Ein 18-jähriger Berliner wurde in Rostock in Gewahrsam genommen, weil er eine Stoffhaube bei sich trug

Jörn Hasselmann

Sonnenbrille, Taschenmesser oder Sturmhaube – das reicht, um in Rostock einige Tage hinter Gitter zu kommen. Bei Dirk V. (Name geändert) war es eine „Hasskappe“, wie sie in der linken Szene genannt wird. Obwohl er die schwarze Stoffhaube, die üblicherweise Motorradfahrer tragen, nicht aufgesetzt hatte, sondern nur in einer Reisetasche bei sich trug, wurde er von der Polizei am Sonntagabend festgenommen – und ein Richter schickte ihn dann hinter Gitter. Bis Freitagabend, also fünf Tage, sollte V. in der Jugendstrafanstalt weggesperrt werden, das Polizeigesetz des norddeutschen Bundeslandes erlaubt das als sogenannte Gewahrsamnahme. Nach einer Beschwerde wurde die Haft dann auf vier Tage verkürzt, am Donnerstagabend kam V. wieder frei.

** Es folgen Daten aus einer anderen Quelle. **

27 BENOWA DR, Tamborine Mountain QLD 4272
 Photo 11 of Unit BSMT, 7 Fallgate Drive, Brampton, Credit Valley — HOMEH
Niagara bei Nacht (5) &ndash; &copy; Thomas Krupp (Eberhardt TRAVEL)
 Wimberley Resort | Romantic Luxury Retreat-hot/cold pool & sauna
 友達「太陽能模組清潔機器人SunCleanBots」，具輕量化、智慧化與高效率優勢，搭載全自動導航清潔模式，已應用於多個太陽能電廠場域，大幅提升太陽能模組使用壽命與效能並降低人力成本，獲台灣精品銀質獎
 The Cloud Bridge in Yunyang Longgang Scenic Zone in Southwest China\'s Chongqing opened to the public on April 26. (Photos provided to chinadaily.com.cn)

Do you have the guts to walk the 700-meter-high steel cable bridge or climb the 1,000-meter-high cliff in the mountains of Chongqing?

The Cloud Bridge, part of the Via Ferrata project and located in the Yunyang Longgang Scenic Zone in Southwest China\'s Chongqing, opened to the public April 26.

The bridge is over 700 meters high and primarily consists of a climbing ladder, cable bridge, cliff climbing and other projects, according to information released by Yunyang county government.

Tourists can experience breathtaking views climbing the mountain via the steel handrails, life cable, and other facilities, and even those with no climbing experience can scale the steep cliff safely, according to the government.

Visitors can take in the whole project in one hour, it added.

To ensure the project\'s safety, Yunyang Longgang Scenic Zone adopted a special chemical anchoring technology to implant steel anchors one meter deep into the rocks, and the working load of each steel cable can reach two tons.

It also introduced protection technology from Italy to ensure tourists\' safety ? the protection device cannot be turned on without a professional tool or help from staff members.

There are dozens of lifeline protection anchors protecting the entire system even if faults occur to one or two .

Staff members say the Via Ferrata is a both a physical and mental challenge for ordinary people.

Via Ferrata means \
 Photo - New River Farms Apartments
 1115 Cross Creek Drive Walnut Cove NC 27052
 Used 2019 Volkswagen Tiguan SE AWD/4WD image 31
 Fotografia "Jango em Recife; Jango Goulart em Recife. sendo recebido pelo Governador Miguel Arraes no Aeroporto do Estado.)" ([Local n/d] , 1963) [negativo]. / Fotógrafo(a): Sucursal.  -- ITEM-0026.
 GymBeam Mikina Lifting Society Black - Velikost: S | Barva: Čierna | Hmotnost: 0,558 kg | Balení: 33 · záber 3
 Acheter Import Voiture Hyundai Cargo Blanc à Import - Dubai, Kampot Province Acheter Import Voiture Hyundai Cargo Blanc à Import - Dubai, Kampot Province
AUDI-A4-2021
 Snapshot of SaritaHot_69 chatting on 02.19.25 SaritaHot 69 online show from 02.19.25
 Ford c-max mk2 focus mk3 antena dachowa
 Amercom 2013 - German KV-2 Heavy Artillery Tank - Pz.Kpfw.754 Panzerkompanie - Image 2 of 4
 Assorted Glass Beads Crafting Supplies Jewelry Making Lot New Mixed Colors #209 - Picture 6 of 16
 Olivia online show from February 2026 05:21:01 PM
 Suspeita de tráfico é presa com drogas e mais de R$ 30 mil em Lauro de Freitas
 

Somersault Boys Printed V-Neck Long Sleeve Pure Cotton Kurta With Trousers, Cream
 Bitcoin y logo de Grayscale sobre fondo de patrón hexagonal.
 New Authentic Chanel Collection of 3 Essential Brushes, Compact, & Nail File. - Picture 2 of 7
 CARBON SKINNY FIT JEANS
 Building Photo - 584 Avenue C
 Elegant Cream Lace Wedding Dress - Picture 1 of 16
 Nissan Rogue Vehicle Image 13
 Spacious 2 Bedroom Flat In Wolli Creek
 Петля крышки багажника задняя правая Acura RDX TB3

Die Mutter, Kristina V., schrieb einen Protestbrief an Bundesinnenminister Wolfgang Schäuble. „Wir empören uns über Repressalien gegen Demonstranten in Russland und China“, schreibt die Lehrerin in dem Brief – und fragt dann: „Was macht unser Staat denn jetzt anderes?“

Nach Angaben des Rechtsanwaltsteams, das die G-8-Demonstranten betreut, wurden in der vergangenen Woche etwa 1200 Personen von der Polizei festgenommen. Von denen wurden etwa 200 von einem Richter für mehrere Tage in Gewahrsam geschickt, sagte der Direktor des Rostocker Amtsgerichts, Peter Häfner. „Auf dem Weg zu oder von einer Demo reicht tatsächlich eine Sturmhaube.“ Das Aufsetzen einer Sturmhaube sei schließlich eine Straftat, sagt Häfner. Bei der Demonstration am vergangenen Sonnabend habe man gesehen, dass hunderte derart Vermummte Steine geworfen haben.

Das Polizeigesetz von Mecklenburg- Vorpommern erlaubt die Gewahrsamnahme, um eine Straftat zu verhindern. Der Gewahrsam kann begründet werden, wenn Waffen oder andere Gegenstände gefunden werden oder wenn die Person in der Vergangenheit bereits „als Störer angetroffen“ wurde. Tatsächlich hatte die Berliner Justiz nach einer Demo im Juli 2005 schon einmal gegen V. ermittelt. Das Verfahren wegen Widerstandes und Körperverletzung wurde eingestellt. Das Berliner Polizeigesetz erlaubt derartige Gewahrsamnahmen nicht. Sie seien „politisch nicht durchsetzbar“, hieß es bei der Berliner Justiz.

Die Mutter von Dirk V. sagte gestern, dass sie für das Werfen von Steinen keinerlei Verständnis habe. Zu begrüßen sei es jedoch, wenn sich Jugendliche politisch betätigten. So engagiere sich ihr Sohn bei der Antifa. Die Sturmhaube habe er sich vor Jahren für eine Schultheateraufführung gekauft. In seinem Dahlemer Gymnasium habe er jetzt einen wichtigen Kurs versäumt. Im kommenden Jahr will der 18-Jährige Abitur machen.